Lettre n° 4486

Par la grâce de D.ieu,
29 Sivan 5716,
Brooklyn,

Je vous salue et vous bénis,

Je ne sais pas s’il sera utile de vous rappeler encore une fois quelle est ma conception. J’essayerai, néanmoins, de le faire, très brièvement :

A) A notre époque, en particulier chez vous, on peut vérifier concrètement que la subsistance matérielle est directement liée à la subsistance morale(1), c’est-à-dire au nombre d’élèves prenant part à vos cours, au nombre de personnes priant dans votre synagogue.

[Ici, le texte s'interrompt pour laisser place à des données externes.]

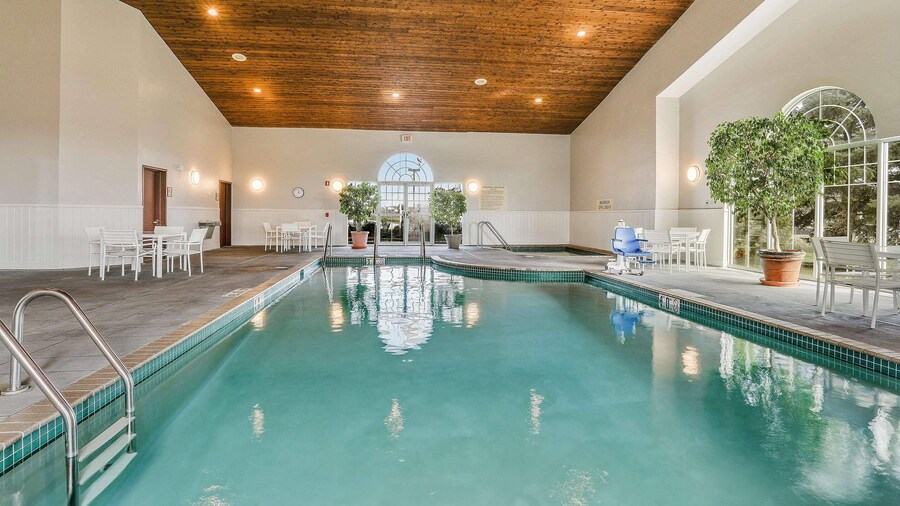 Country Inn & Suites by Radisson, Green Bay, WI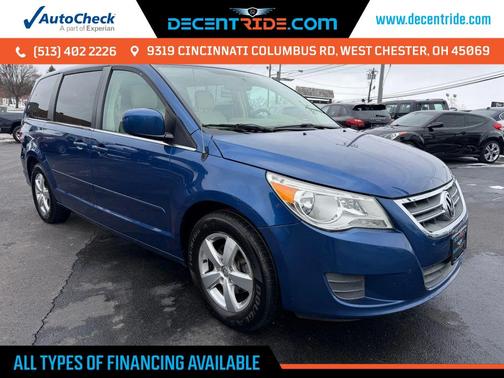 2010 Volkswagen Routan SE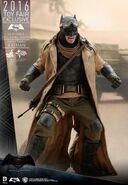 Hot Toys BvS Knightmare Batman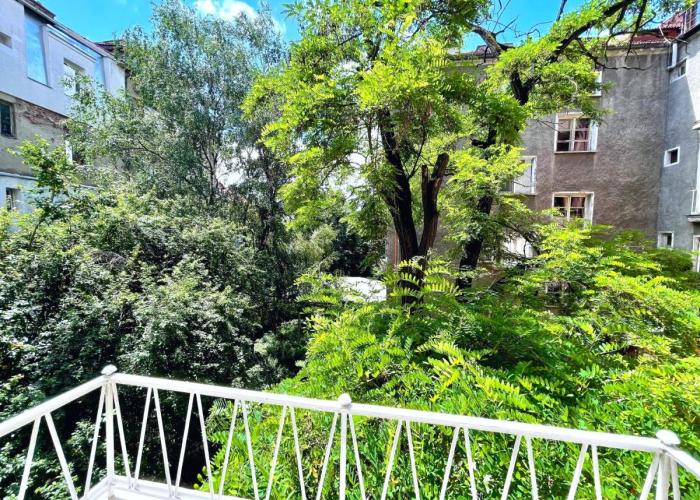 Bohemian Bright & Calm 2BR - Top center - Private Balcony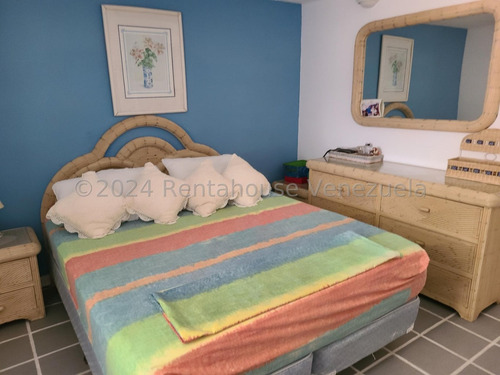 Bello Apartamento Con Vista Al Mar De 3 Hab Y 3 Baños. Xm. Excelente Precio 24-19235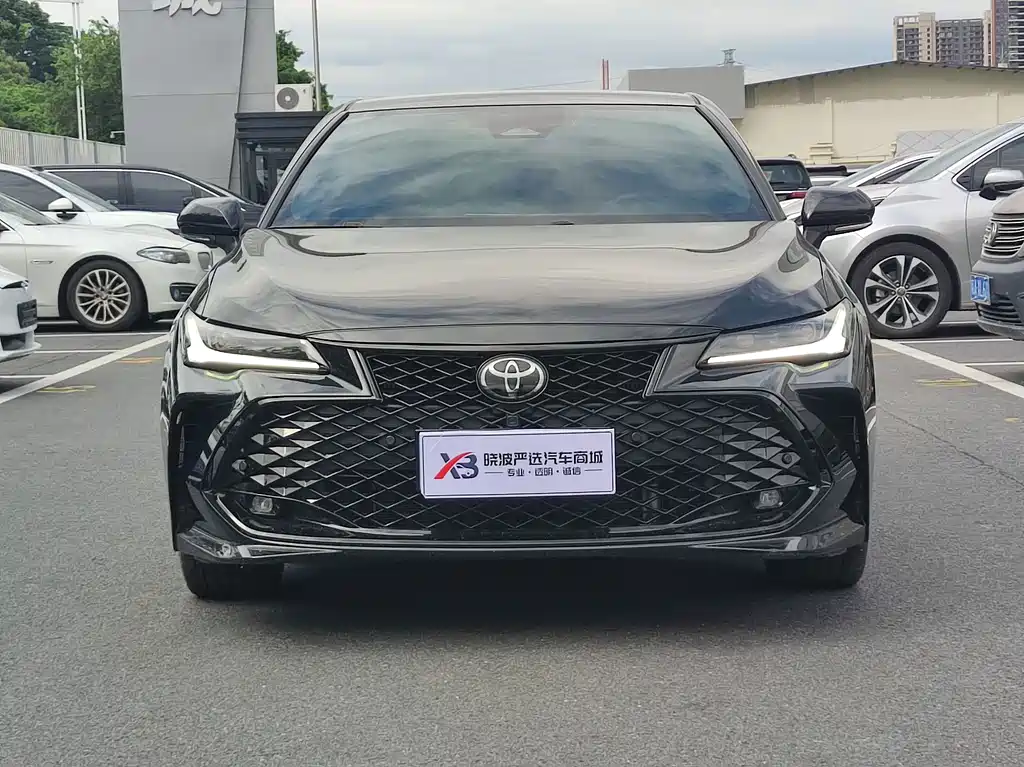 Toyota Avalon — миниатюра 2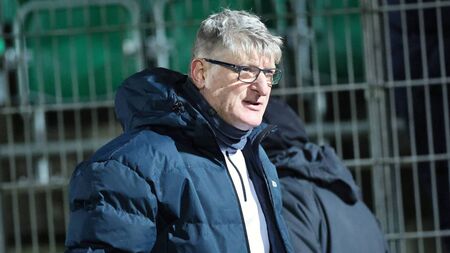 "That free kick at the end should have been brought in in front of the goal,” - Curran
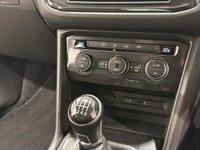 USED 2017 17 VOLKSWAGEN TIGUAN 2.0 TDI BlueMotion Tech SE Navigation SUV 5dr Diesel Manual Euro 6 (s/s) (150 ps) 2.0 TDI Bluemotion Tech SE Navigation SUV Euro 6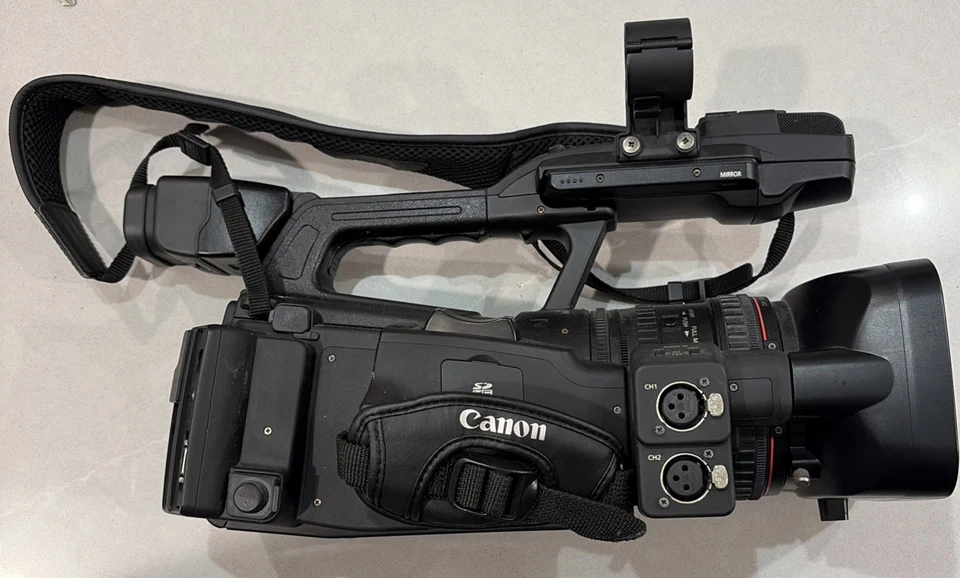 Canon XF300 A NTSC Professional HD In-Camera Recorder (CAMERA ONLY) - Image 3 of 4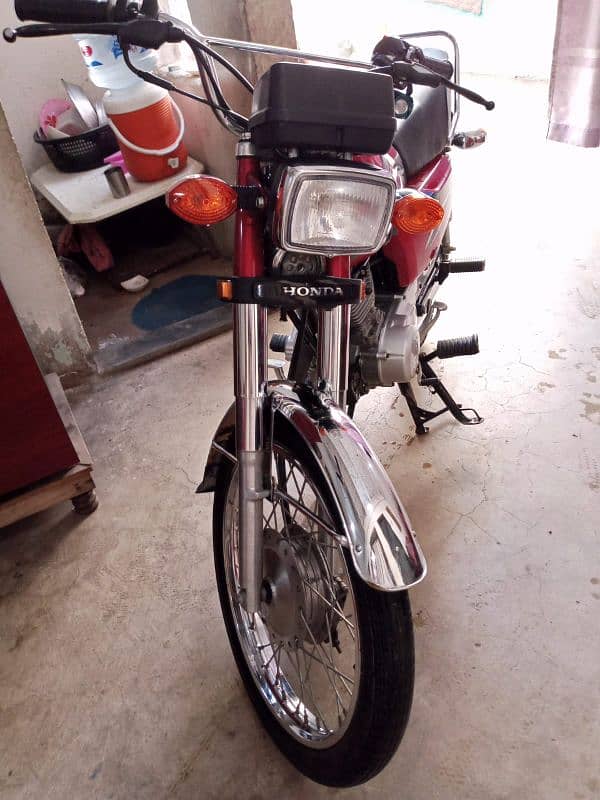 Honda 125 2023 k advance m li thi 2022 k 10 mehiny ki registration ha 7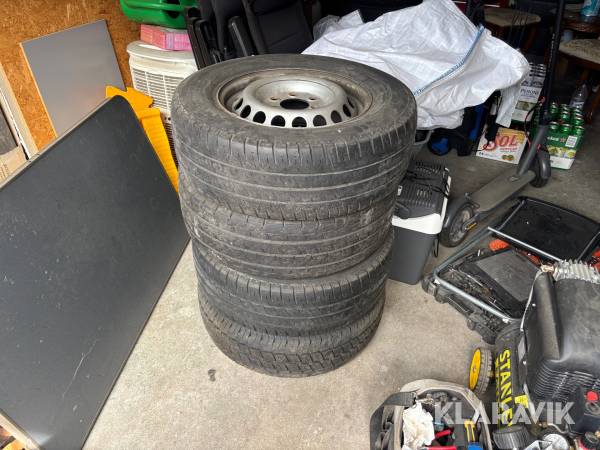 Däck med fälg Michelin 235/65R16C 4st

B) Je m’efforce d’encourager les membres de votre synagogue que je connais pour qu’ils fassent tout ce qui est en leur pouvoir afin de la développer. Mais, bien évidemment, ils assument une activité professionnelle et ne se consacrent pas à une mission sacrée. Leur intervention, en la matière, reste donc nécessairement limitée. Il n’en est pas de même pour celui qui assume une mission sacrée, dont ceci(2) doit être la préoccupation essentielle.

C) En plus de tout cela, l’attitude consistant à faire faire son travail par les autres s’appliquera uniquement dans le monde futur, comme le précisent nos Sages. Et encore, ce sera le cas uniquement pour le labourage des champs, mais non pour ce qui concerne la Torah et les Mitsvot.

D) Les jeunes Rabbanim, quand ils doivent ouvrir une synagogue, ont l’habitude de ne pas s’en remettre à l’un des membres de la communauté, même s’ils peuvent, par ailleurs, se servir de l’influence qu’il exerce, attendre de lui qu’il soit très actif. Pour autant, ils prennent effectivement eux-mêmes l’initiative. Bien plus, ils orchestrent personnellement les actions menées par ces membres et, de temps à autre, ils les encouragent.

E) S’agissant de votre communauté, il se trouve, au-delà de toute espérance naturelle, que certains membres sont prêts à agir bien plus qu’on aurait pu l’espérer. Ils vous demandent, exigent de participer aux actions. Une telle attitude est, à proprement parler, le contraire de la normale.

Pour préciser encore plus clairement ma position, je répète ce que je vous ai déjà dit plusieurs fois. Il est absolument indispensable que vous alliez rendre visite aux membres de votre communauté, chez eux ou, tout au moins, que vous les rencontriez souvent. De ce point de vue, une conversation téléphonique ne suffit pas et encore moins une absence d’échange ou bien un échange qui reste exceptionnel.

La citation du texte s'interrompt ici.